There has conventionally been known a fiber laser for generating high-power laser light by (i) introducing, into an amplifying optical fiber, excitation light emitted from a laser diode laser light source) and (ii) amplifying laser light in the amplifying optical fiber. Such a fiber laser can generate higher-power laser light by, particularly, (i) combining a plurality of beams of excitation light emitted from a plurality of laser diodes and (ii) introducing the combined excitation light into the amplifying optical fiber. The high-power laser light which has been outputted from such a fiber laser is used in, for example, laser processing or the like.
According to a method disclosed in Patent Literature 1, a fiber laser device including a plurality of laser diodes which emit excitation light controls individual driving currents for the respective plurality of laser diodes. This allows the plurality of laser diodes to be uniform in load (e.g., an electric current flowing in the laser diodes, a temperature of the laser diodes themselves or an ambient temperature of the laser diodes, and the like). With the method, even in a case where the plurality of laser diodes have individual differences in light emission efficiency, calorific value, or the like, it is possible to uniformize lives of the plurality of laser diodes by uniformizing loads on the plurality of laser diodes.

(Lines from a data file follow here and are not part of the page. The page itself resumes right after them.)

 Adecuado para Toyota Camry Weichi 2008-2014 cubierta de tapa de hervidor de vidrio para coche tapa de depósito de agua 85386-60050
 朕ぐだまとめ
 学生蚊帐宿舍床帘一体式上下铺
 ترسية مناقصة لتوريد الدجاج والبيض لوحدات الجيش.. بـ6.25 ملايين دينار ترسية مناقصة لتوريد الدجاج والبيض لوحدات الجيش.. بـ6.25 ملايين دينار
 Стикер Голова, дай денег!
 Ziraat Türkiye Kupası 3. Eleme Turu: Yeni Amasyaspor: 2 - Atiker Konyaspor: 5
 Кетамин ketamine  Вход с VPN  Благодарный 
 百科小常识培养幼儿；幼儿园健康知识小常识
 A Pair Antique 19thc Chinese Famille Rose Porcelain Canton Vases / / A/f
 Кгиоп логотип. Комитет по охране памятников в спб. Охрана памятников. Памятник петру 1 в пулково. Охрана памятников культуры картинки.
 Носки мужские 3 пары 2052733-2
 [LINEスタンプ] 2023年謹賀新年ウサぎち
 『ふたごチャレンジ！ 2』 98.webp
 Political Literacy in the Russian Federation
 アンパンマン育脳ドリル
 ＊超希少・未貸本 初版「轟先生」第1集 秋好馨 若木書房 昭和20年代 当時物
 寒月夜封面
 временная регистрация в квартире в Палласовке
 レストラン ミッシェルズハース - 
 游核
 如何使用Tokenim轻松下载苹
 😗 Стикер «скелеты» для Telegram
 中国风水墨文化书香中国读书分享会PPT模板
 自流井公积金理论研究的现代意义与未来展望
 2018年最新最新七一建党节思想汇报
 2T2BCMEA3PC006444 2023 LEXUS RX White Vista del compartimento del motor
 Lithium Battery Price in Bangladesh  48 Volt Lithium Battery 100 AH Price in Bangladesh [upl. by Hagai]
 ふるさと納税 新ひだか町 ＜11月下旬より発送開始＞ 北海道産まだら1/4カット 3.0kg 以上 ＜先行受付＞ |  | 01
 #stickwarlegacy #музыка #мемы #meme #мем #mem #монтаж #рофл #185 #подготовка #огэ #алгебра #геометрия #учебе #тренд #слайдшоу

According to a method disclosed in Patent Literature 2, in a multiport optical amplifier including a plurality of excitation light source elements, a driving current for an excitation light, source element which is deteriorated is reduced and a driving current for an excitation light source element which is not deteriorated is increased. This allows the multiport optical amplifier to maintain an intended excitation light power. With the method, it is possible to uniformize lives of the plurality of excitation light source elements as much as possible, so that a usable period of the multiport optical amplifier can be maximally extended.